Through it all, none of the marshals seemed eager to draw the attention of spectators to the Fan Code of Conduct. Printed in the official tournament program, the Code is replete with more gut-busting expectations than a child’s list for Santa Claus. Take the first item: “Fans will enjoy the WM Phoenix Open free from disruptive behavior including, but not limited to, FOUL or ABUSIVE language, obscene gestures, fighting, throwing objects, attempting to disrupt play or distract tournament players from their professional game.”

The author of that pearl shouldn’t stray far from his fainting couch this week.

Breakfast had barely finished Saturday when one spectator was expressing his delight at the frequency of the “F—- you, Bubba!” cries.

Another edict in the Code began, “Fans consuming alcoholic beverages will do so in a responsible manner,” at which point blinding tears of laughter prevented me from reading on.

It’s easy to dismiss the Waste Management as a boorish pageant, a vomitorium of obnoxious behavior where the ability to hold one’s liquor is eerily proportional to the length of the cocktail dress. It’s easy because it’s true. But to come to TPC Scottsdale and complain about the party is like going to Ireland and moaning about the rain.

It’s what everyone signs up for.

There are positive hangovers from this event. Last year’s WMPO raised $13.2 million for local charity, boosting the total to more than $147 million from this event. This may be a party window dressed as a golf tournament, but it’s a lucrative and effective one.
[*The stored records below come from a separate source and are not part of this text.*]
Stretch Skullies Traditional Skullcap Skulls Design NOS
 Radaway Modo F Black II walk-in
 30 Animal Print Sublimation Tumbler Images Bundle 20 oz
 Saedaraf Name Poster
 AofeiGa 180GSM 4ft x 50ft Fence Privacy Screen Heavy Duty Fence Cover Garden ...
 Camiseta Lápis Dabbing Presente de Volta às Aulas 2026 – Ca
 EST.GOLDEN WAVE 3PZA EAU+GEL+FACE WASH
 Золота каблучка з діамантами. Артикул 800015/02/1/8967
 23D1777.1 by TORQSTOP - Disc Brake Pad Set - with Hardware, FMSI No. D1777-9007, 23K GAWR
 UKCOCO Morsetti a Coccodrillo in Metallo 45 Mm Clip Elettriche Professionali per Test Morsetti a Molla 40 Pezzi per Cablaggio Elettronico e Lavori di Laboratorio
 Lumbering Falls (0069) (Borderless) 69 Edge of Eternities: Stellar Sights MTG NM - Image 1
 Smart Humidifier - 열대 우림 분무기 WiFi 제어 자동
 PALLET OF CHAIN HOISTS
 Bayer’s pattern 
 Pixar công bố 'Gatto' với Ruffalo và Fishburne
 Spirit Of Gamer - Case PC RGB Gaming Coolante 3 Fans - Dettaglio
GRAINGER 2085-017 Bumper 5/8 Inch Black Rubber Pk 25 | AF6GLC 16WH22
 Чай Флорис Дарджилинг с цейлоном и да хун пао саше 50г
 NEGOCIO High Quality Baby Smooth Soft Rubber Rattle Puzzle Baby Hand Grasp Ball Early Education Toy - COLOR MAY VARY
A common refrain to excuse the excess is that this is just one week on an otherwise sedate PGA Tour schedule. That’s only partly true, since the kinds of loudmouth fans enabled and even celebrated at TPC Scottsdale are increasingly evident at other stops on Tour. The Corona virus is not easily contained to one week, one tournament, and the WMPO is its Typhoid Mary.

As the leaders made their way up the 18th hole to end the third round, the earliest revelers were waking up on the course to begin nursing their hangovers before the sun went down. Many a player has left a PGA Tour venue trying to piece together how things went so horribly wrong. At TPC Scottsdale, fans often leave with the same feeling.

As the dense crowd shuffled slowly toward the distant exit, one fan bemoaned the traffic flow system in place. “There’s all this green field they won’t let anyone walk on!” he slurred, shaking his head at the stupidity of it all. He was pointing at a fairway.